··· Data for review

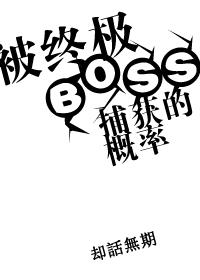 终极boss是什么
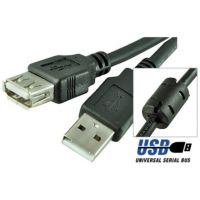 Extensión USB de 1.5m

······
··· Data for review

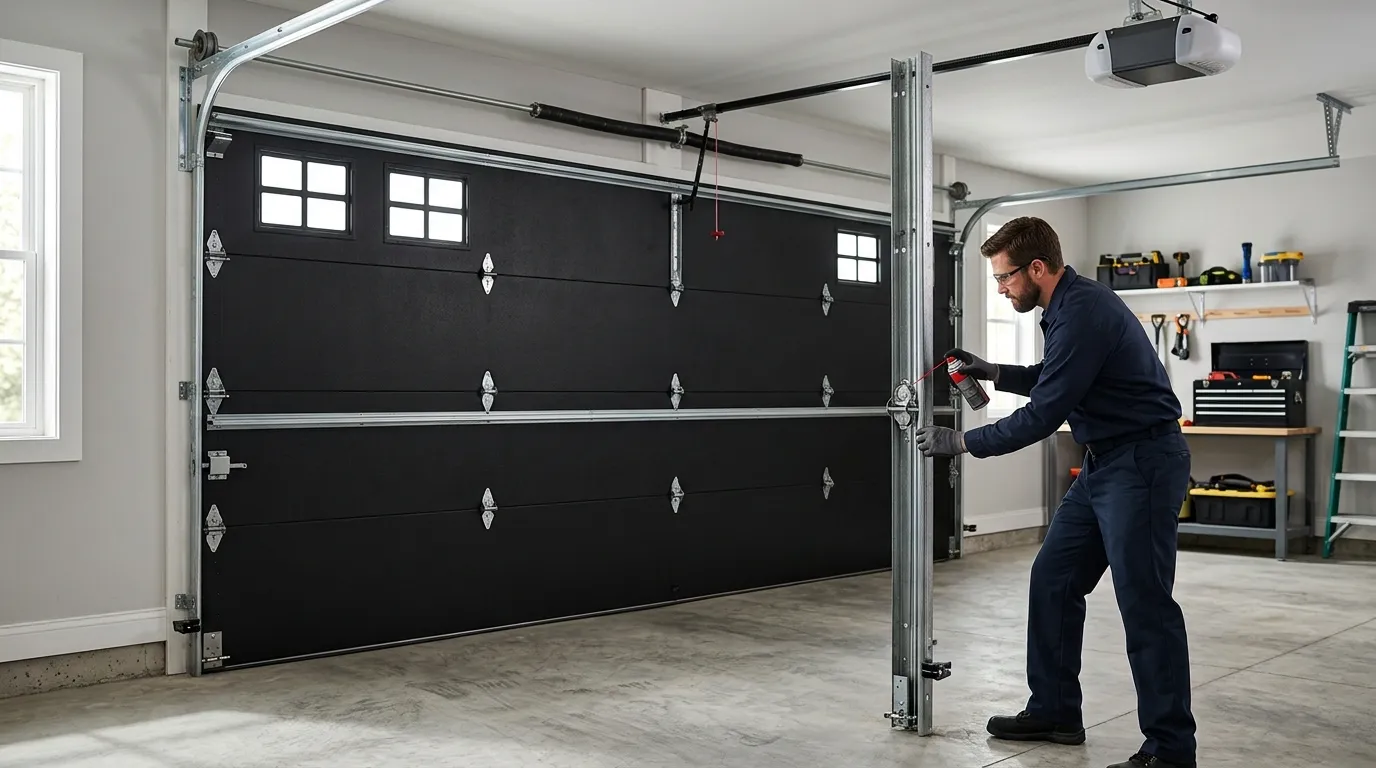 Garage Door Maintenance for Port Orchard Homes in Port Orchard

······
··· Data for review

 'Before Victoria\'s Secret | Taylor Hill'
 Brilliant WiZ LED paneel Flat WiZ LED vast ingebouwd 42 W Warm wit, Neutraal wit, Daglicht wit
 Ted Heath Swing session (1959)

······

_Aim of the exercise_.
Start with the line above that contains "Secret | Taylor Hill'" and stop after the line that contains "Ted Heath Swing session (1959)". Output those lines exactly, and only those.

_Solution to this task_.
 'Before Victoria\'s Secret | Taylor Hill'
 Brilliant WiZ LED paneel Flat WiZ LED vast ingebouwd 42 W Warm wit, Neutraal wit, Daglicht wit
 Ted Heath Swing session (1959)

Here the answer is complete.